Tuben und Würfel waren gestern

Die Kulinarik im Weltraum hat seit den ersten bemannten Missionen große Fortschritte gemacht

  • Ilka Petermann
  • Lesedauer: 7 Min.
Die italienische Astronautin Samantha Cristoforetti beim Kaffeetrinken auf der Raumstation ISS
Die italienische Astronautin Samantha Cristoforetti beim Kaffeetrinken auf der Raumstation ISS

Geschmack und Konsistenz waren vermutlich unterirdisch, aber der Ausblick dafür hervorragend: Als der sowjetische Kosmonaut Juri Gagarin am 12. April 1961 mit seinem Raumschiff »Wostok 1« als erster Mensch die Erde umrundete, hatte er ganze 108 Minuten Zeit, um Weltgeschichte zu schreiben, die Schwerelosigkeit zu erleben – und ein einzigartiges Frühstück zu sich zu nehmen.
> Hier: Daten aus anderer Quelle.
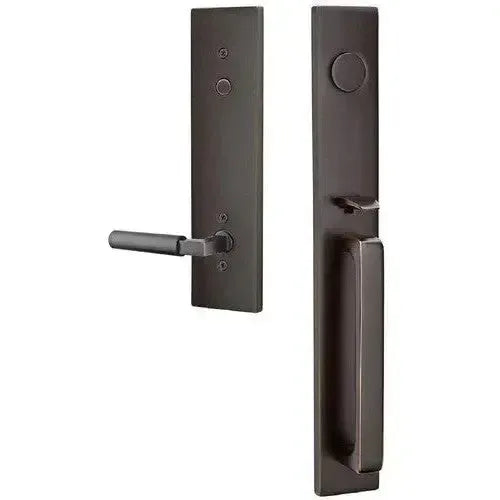 Emtek Lausanne Entrance Handleset With Hercules Lever in Oil Rubbed Bronze finish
Um für alle Eventualitäten vorbereitet zu sein, war das Raumschiff mit Verpflegung für 13 Tage ausgestattet, die möglichst nahrhaft, verzehrfertig und krümelfrei sein musste. Und so gab es in den frühen Morgenstunden – »Wostok 1« startete um 6:07 Uhr – drei Tuben Frühstück: zwei davon mit püriertem Fleisch, die dritte verwöhnte den Kosmonauten mit Schokoladensauce.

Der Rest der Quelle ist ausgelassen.